11-15 lb. beef brisket (if not already trimmed, trim it down to about 1/4" - 1/2" of fat - some fat is needed to keep the meat tender & juicy during the long smoking period. Never buy frozen)
1 tbsp. kosher salt
1 tbsp. black pepper
2 tbsp. chili powder (I use New Mexico)
1 tbsp. granulated garlic
1 tsp. celery seed
1 tsp. ground cumin
1 tsp. onion powder
1/4 tsp. ground oregano
1 tbsp. paprika
1 tsp. ground coriander
2 tsp. ground mustard
1 tsp. cayenne
3 tbsp. brown sugar
2 cups apple cider, poured into a plastic spray bottle
15-20 pieces of Hickory wood chunks, soaked in water for at least 20 minutes.

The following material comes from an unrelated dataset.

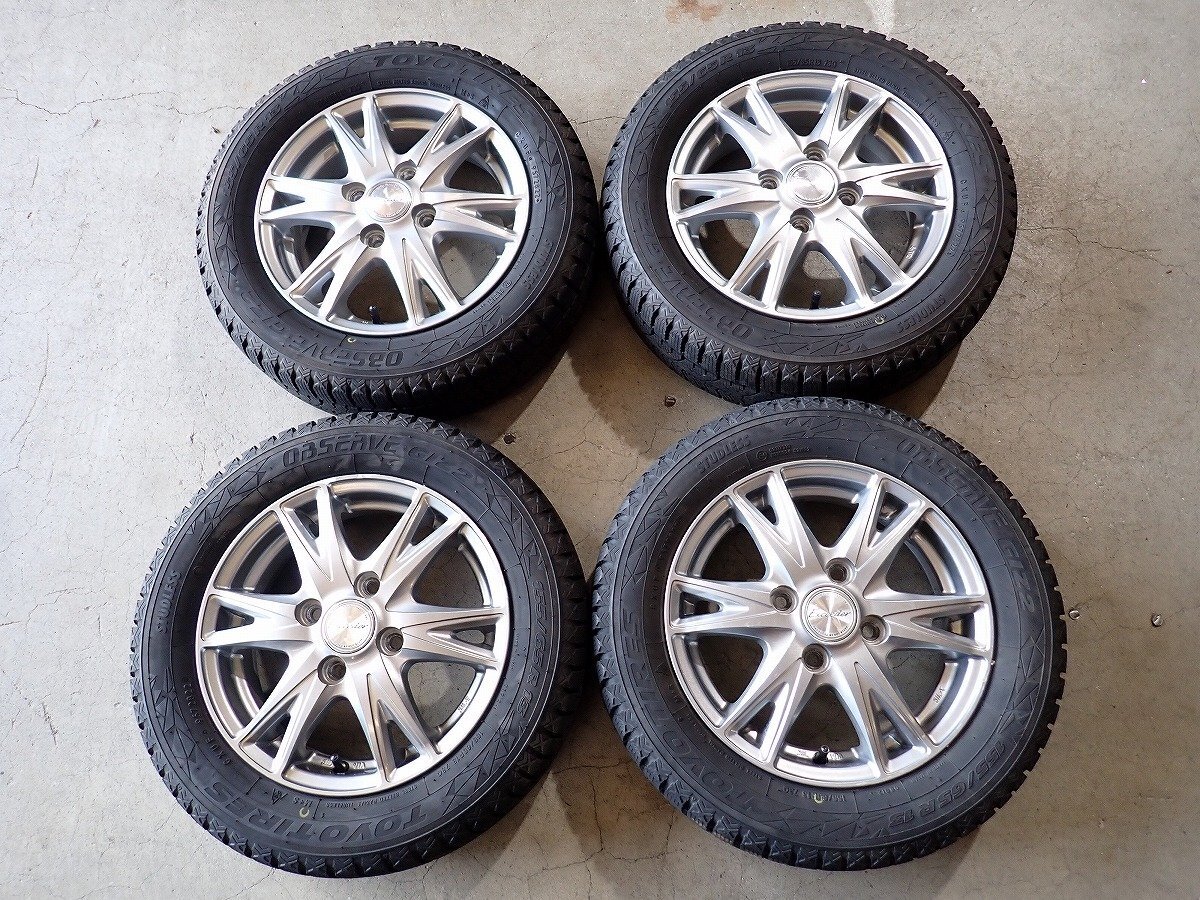 YS20299【送料無料155/65R13】ライフ ラパン プレオ モコ ピノなどに TOYO 中古スタッドレス ●13×4J 100/4H ET43●1円スタート拍卖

Large bag of charcoal (Kingsford is best - do not use Matchlight or anything presoaked with lighter fluid when smoking cuz, well frankly, your food will smell and taste like, surprise surprise, lighter fluid! A tip from Dan da BBQ Man, my sis's BF)

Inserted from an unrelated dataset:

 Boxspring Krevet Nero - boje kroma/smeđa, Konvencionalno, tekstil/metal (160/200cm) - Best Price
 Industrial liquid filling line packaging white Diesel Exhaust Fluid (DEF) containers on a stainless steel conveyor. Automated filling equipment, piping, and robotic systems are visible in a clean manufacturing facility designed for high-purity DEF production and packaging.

1. Combine all the spice rub ingredients in a small bowl.
2. Rinse the brisket briefly and pat dry with lots of paper towels. Place the brisket on an aluminum tray or baking sheet.
3. Rub 1-2 tbsp. of vegetable oil over the brisket, then sprinkle the spice rub generously over the entire brisket. Cover tightly with aluminum foil and place in the refrigerator overnight.
4. Since I'm not a smoking guru (I just prep the ingredients), I can only give general instructions on the smoking process itself, based on Gil's feedback. He puts about 25 briquettes at the bottom of the smoker. Then he lights 25 briquettes in a chimney starter until they are white hot and puts them on top of the ones in the smoker. Add 3-4 pieces of the soaked hickory wood chunks. Gil used an iGrill digital thermometer with dual probes to measure the grill temp and internal meat temp. The cool thing is that it can be paired with your iPhone or Android so you can see the current reading and be alerted when the meat is done on your mobile device.
5. Next, the brisket is placed on the upper grate in the smoker fat side up (believe it or not, there seems to be a ranging controversy in the webosphere whether brisket should be smoked fat side up or down, but we chose up).
6. Cover the smoker & maintain heat at around 200F for the next 6 hours. You will probably need to add about 15-20 briquettes to the smoker every hour during the entire cooking process.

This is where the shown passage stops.